Middle East tensions are preventing oil prices from continuing their recent decline, driven by fundamentals such as weak demand, particularly from China, Manuel Rivas, head of the Market Analysis Team in the Chief Economist Unit at the Directorate-General for Energy at the European Commission, told an MNI Podcast.
This trend is likely to continue unless Israel’s response to Iran’s involvement in the conflict leads to significant disruptions in oil production facilities—an unlikely scenario, according to Rivas.
Should Iran’s 1.7-million-barrels-of-oil per day in exports be affected, prices could temporarily spike towards USD100 per barrel, depending on the severity of any attack, briefly feeding into European inflation, he said. (See MNI INTERVIEW: Risk ECB Undershoots Inflation Not High -Vujcic)
However, the impact would be short-lived due to OPEC’s spare production capacity and “fatigue” within the cartel over sustaining voluntary output cuts.
“OPEC, and particularly Saudi Arabia, could step in to cover that,” Rivas said, adding that OPEC nations may also be incentivised by higher prices and the opportunity to recover some of the market share they have lost over the past decade.
STRAIT OF HORMUZ
The closure of the Strait of Hormuz is a “very low probability,” said Rivas.

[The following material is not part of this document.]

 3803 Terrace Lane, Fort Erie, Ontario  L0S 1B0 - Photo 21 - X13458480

“It’s uncharted territory—very difficult to predict what could happen,” Rivas said. In such a scenario, oil prices could easily surpass the USD100 per barrel mark and even break the record near USD150.

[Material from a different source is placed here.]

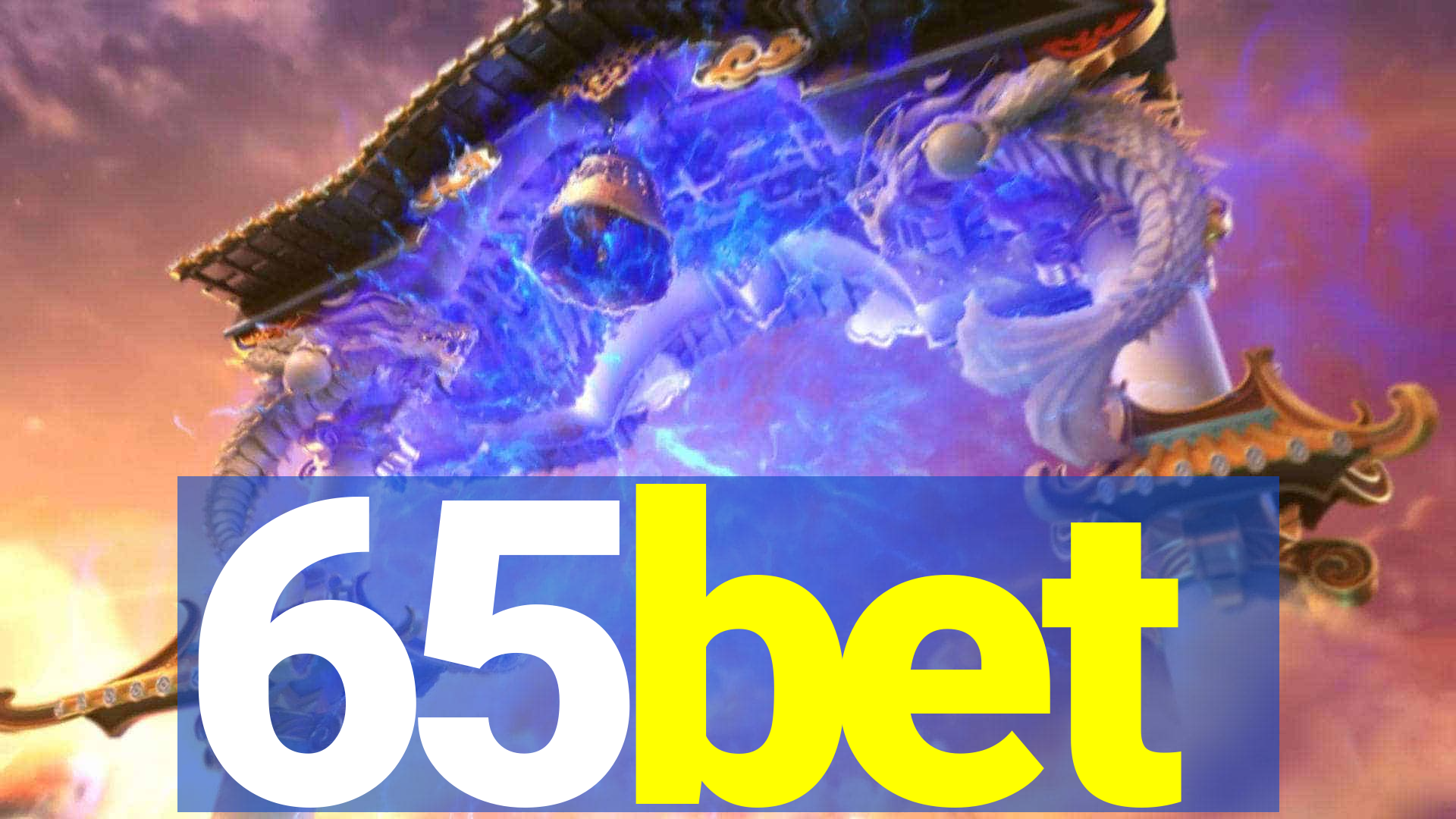 65bet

This would have significant repercussions on demand, inflation, and could even jeopardise the European Central Bank’s current trend towards easing interest rates, with substantial knock-on effects on prices.
“The impact would be so severe that we would likely [see] interventions in the market,” Rivas noted, highlighting potential commercial responses, the use of strategic reserves, and other measures. However, he added that the likelihood of a sustained price spike is very low.
GAS SUPPLY SAFEGUARDED
Gas supply to the eurozone from the Middle East is not substantial enough to cause major disruptions in gas prices, thanks to the bloc’s adjustments following the 2022 energy crisis. Annual gas consumption has fallen by 15%, LNG capacity has surged, and renewable energy production is growing by 15% each year, Rivas said.

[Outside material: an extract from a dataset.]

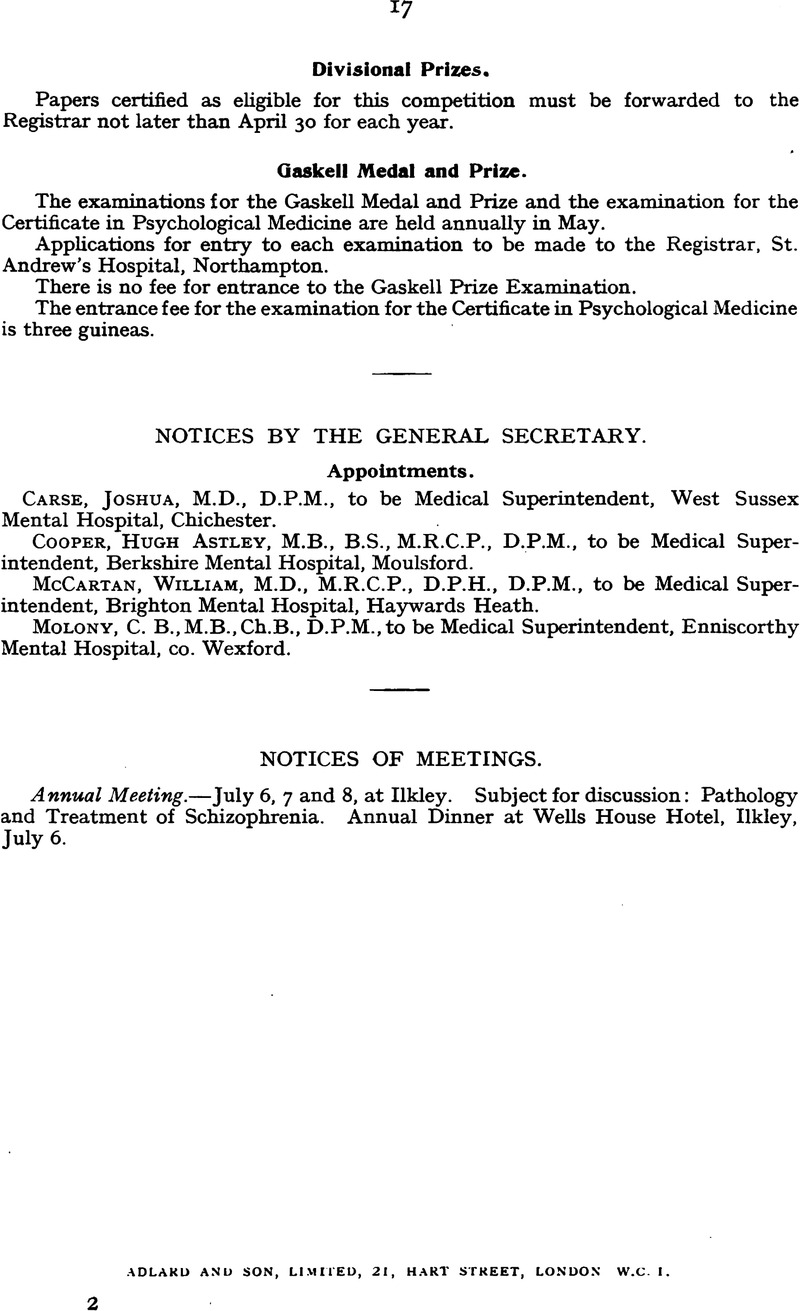 Image of the first page of this content. For PDF version, please use the ‘Save PDF’ preceeding this image.'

Qatar accounts for only 4% of the EU’s gas imports and 10% of its LNG, with minimal gas arriving from Israel via Egypt, he noted.
While 15% of the EU’s gas still comes from Russia—half via pipelines and half as LNG—this, combined with potential issues in Qatar, could cause some price volatility. Nonetheless, the increased capacity for LNG and the EU’s purchasing power should prevent significant supply disruptions, he concluded.
The upcoming expiration of the gas pipeline contract with Ukraine will not be renewed, Rivas said, and markets are pricing in a EUR5 per MW/h risk premium for future supply. However if Israel’s gas infrastructure is targeted, it would pose a long-term issue for the EU, he added.